A year after the thresholds to gain entry were elevated to account for the Am Law 100’s pandemic success story in 2020, the group of Super Rich firms has expanded from 31 to 40 in the wake of an even more profitable sequel. The 32% growth in the membership of this elite crowd would only be fitting for a year in which 32% growth was on the table at some firms.
To make the Super Rich list, firms must have revenue per lawyer of at least $1.1 million and profits per lawyer of at least $550,000—markers that indicate an organization is getting the most out of everyone it employs. Each of the 31 firms that made the cut last year returned to this year’s list, along with nine additional members: Alston & Bird; Cadwalader, Wickersham & Taft; Covington & Burling; Dechert; Kramer Levin Naftalis & Frankel; McDermott, Will & Emery; Sidley Austin; Vinson & Elkins; and Wilson Sonsini Goodrich & Rosati.
Demand over the past two years has been “insatiable,” McDermott chair Ira Coleman says, and that has been the biggest contributor to the newfound level of prosperity across the industry. A rising tide lifts all boats, as they say. McDermott, for instance, grew RPL nearly 15% to $1.4 million and PPL almost 21% to $561,000.
But firm leaders would be wise to recognize that demand is a fickle factor in their success. No matter how much top-to-bottom talent or structural integrity a firm has at its disposal, an unexpected dip in demand would threaten budgets across the Am Law 100. With that in mind, Coleman suggests a focus on factors within a firm’s control.

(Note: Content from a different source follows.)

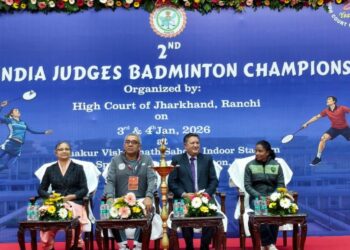 2nd All India Judges Badminton Tournament 2026 का विधिवत शुभारंभ !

“We can all pat ourselves on the back and say how extraordinary we are at management to make these great strides,” Coleman says, “or we can take it with a grain of salt and say we’re blessed to have this level of demand in our industry and hope it continues.”
Or, as he puts it more succinctly, “don’t get too high on your own supply.”
The increase in Super Rich firms may indicate that some firms have learned pandemic-aided lessons about how to put their people in the best position to succeed, whether through hybrid work or more focused collaboration. But it may also be a result of long hours, blurred lines and an all-hands-on-deck approach to meeting client demand.
“Some firms have used this as an opportunity to learn to work differently and better by investing in technology and development and bringing people to a place where they can work more efficiently and effectively,” says Marcie Borgal Shunk, president and founder of the Tilt Institute. “Unfortunately, I also think there’s another considerable group that have simply asked people to work harder.”
For those firms, elevated levels of productivity and prosperity may be something of a canary in the coal mine. They may not feel the financial impact for a while, Shunk says, but “right now there are tremendously high levels of burnout and frustration” at many firms, posing a serious strategic threat that will only be amplified if and when demand dampens.
“We’re already seeing it in the movement that firms are experiencing,” she points out.
The 40 firms on this year’s Super Rich list distinguish themselves from the rest of the Am Law 100, primarily because of their size and the power it wields. Their average gross revenue is nearly $1.7 billion, two-thirds higher than the $994,000 average of the other 60 firms in the Am Law 100. And last year they grew that number by an average of 17.3%—a much bigger leap than the 10.3% step taken by everyone else, on average.
But what stands out most in an analysis of the haves and have-mores is the Super Rich firms’ efficiency in turning manpower into money. Their average revenue per lawyer (one of two metrics used to determine the list and therefore a natural point of separation) was over $1.65 million in 2021, compared with about $928,000 at the rest of the Am Law 100. The Super Rich grew that number by an average of 13%, compared with 9.9% at other firms.
And when profits take center stage, the discrepancy is even more apparent. The Super Rich average $4.4 million in profits per equity partner (and 19.7% year-over-year growth); everyone else averages $1.6 million (on 15.1% growth). The gap in profit margin (52% vs. 34%, on average) is similarly stark.